Corrélativement, l’objectif du bilinguisme dans les territoires frontaliers (article 15), bien qu’il soit pertinent, peut paraître ambitieux. Il ne prendra corps qu’à la condition que les pratiques économiques et sociales inter-régionales franco-allemandes s’intensifient. Enfin, en demeurant dans le même contexte régional, on peut faire remarquer qu’une coopération transfrontalière similaire serait envisageable entre la France et la Belgique à travers le binôme Champagne-Wallonie et la modernisation de l’axe navigable qu’est la Meuse.
Un nouveau départ pour un noyau européen ?

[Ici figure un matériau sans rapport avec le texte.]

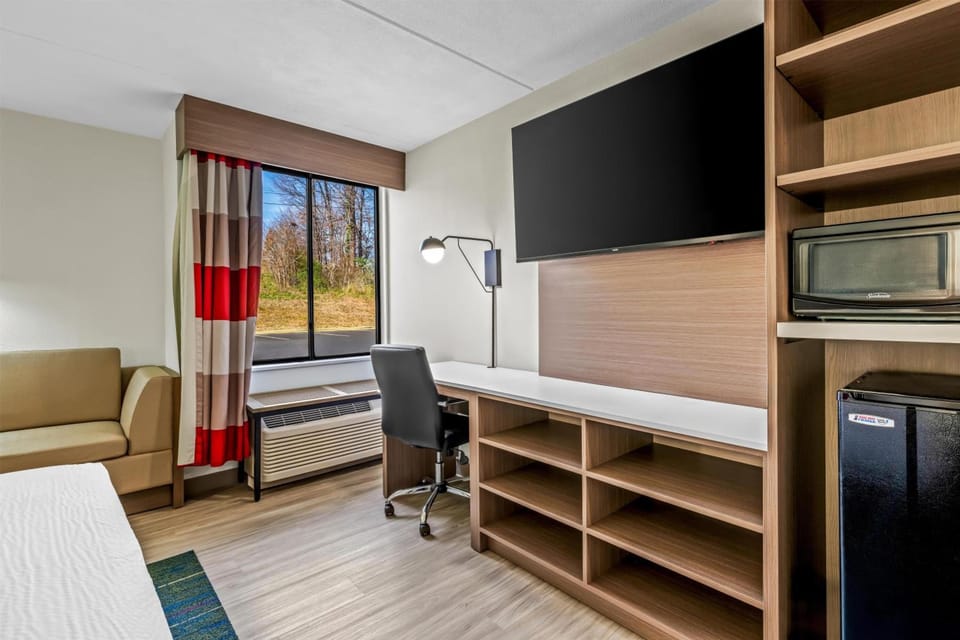 Bedroom. Interior and views may vary based on location and availability.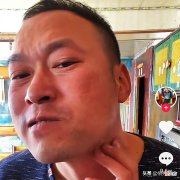 又一个拍农村视频的人火了 80后在农村拍的视频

La convergence entre le nouveau contexte international et les nouveaux dispositifs institutionnels contenus dans le Traité (chapitre 6) pourrait laisser augurer que le binôme franco-allemand, accédant à une forme plus organique, puisse se découvrir un désir d’autonomie ou de souveraineté pour l’Europe. D’abord par nécessité, compte tenu sinon d’un total désengagement américain du continent européen, tout au moins de l’évidente réorientation stratégique des Etats-Unis vers l’Asie, face à la Chine. Mais compte tenu aussi du Brexit parce que la sortie du Royaume-Uni de l’Union européenne replace le duo franco-allemand devant ses seules responsabilités, c’est-à-dire qu’il retrouve sa liberté d’action, mais sans pouvoir désormais imputer l’absence d’initiatives à l’Etat qui empêchait toutes les avancées en Europe. Ensuite, parce que l’intensification prévue des échanges politiques, aussi bien au niveau des gouvernements des deux Etats (articles 23,24) qu’à des niveaux intermédiaires des appareils d’Etat (articles 25,26), devrait concourir à une meilleure appréciation commune des réalités européennes et mondiales, et faciliter par conséquent la définition conjointe, solidaire et confiante, d’une marche à suivre et d’un agenda ouverts à tous les autres Etats européens volontaires, pour accéder à l’Europe souveraine.